* Work task: From the material below, copy exactly the lines beginning with the one that contains "Volkswagen Golf 2008 серый - фото 21" and ending with the one that contains "Load image into"; the pictures stay out.

* Extracted data:
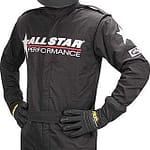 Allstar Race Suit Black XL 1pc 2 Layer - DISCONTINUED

---

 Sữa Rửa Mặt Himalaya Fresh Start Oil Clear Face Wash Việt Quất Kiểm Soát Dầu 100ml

...

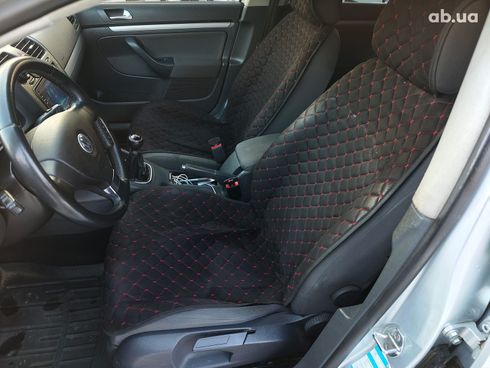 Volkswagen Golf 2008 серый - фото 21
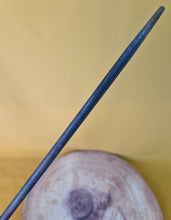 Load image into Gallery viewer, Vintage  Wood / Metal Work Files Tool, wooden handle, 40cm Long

* Task output:
 Volkswagen Golf 2008 серый - фото 21
 Load image into Gallery viewer, Vintage  Wood / Metal Work Files Tool, wooden handle, 40cm Long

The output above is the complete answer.